Ultimately, you'll probably have to come up with your own solutions, but I think the main issue is to pick which parts to order, as the number is usually limited and your LUG members all have different views on what to pick.
Here are a few line of thoughts:
Have each member pick one favourite part, or more (so you can attribute the second one if there's a duplicate or something). This will probably be the worst solution, since you'll end up with a set of parts which may be totally unrelated to each other, and in which most members don't recognize their choices.
Do the same with more parts, 5 or 10, then try to reduce the list somehow to what LEGO is willing to accept (asking the members to vote on parts, maybe?). Can be a cumbersome and lengthy process, but at least your LUG members will feel more like they have a say in the process.

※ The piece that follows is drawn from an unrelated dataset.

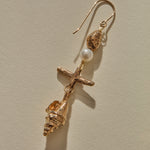 Close view of a Sereia Shell and Pearl Chandelier Earring in bronze, the pearl above the ridged spiral shell.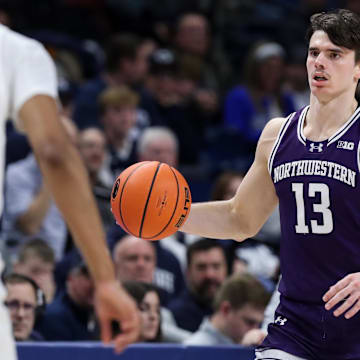 Jan 2, 2025; University Park, Pennsylvania, USA; Northwestern Wildcats guard Brooks Barnhizer (13) dribbles during the second half against the Penn State Nittany Lions at Bryce Jordan Center. Penn State defeated Northwestern 84-80. Mandatory Credit: Matthew O'Haren-Imagn Images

Have the persons in charge of the LUG pick the parts themselves. This can lead to a good cohesive set of parts which go well together, but you'll risk that some members don't like your choice. For example, you may want to pick all 1xn tan bricks and plates, all 1xn dark red bricks and plates, a few door/windows and roof tiles. Great for house builders, less great for Technic nuts.
Try to combine the different solutions. Maybe you have members in the club with a different status (we do have regular and "effective" members, for instance, for people who choose to be more involved in the club); or maybe you can attribute points for event participation (we did that once to distribute some free loot we had gotten from somewhere, and it proved to be an interesting system), so that people who are more involved in the club get more points. Then maybe more involved people can pick more parts, or participate ina global discussion process.
Rotate themes. This time, we'll do houses, next time, Technic parts. Promise, honest. Cross my heart.
Once you have picked up parts, you'll have to pick quantities. There you'll also need to ask members for their input, either committed or not. Our club always buys a bit more on its own money, which members can buy directly afterwards. Handy when the club committee picks up the parts themselves, but your treasury needs to be able to cope with that.
As for the organizational side of things, as you say, excel files may be very cumbersome; but I'd advise to stick with them. You may be tempted to develop a custom web site, for example, but keep in mind it will require maintenance, and that usually means someone has to be devoted to it, and be able to work on it fast enough. If you have such a person, great. If not, don't bother too much.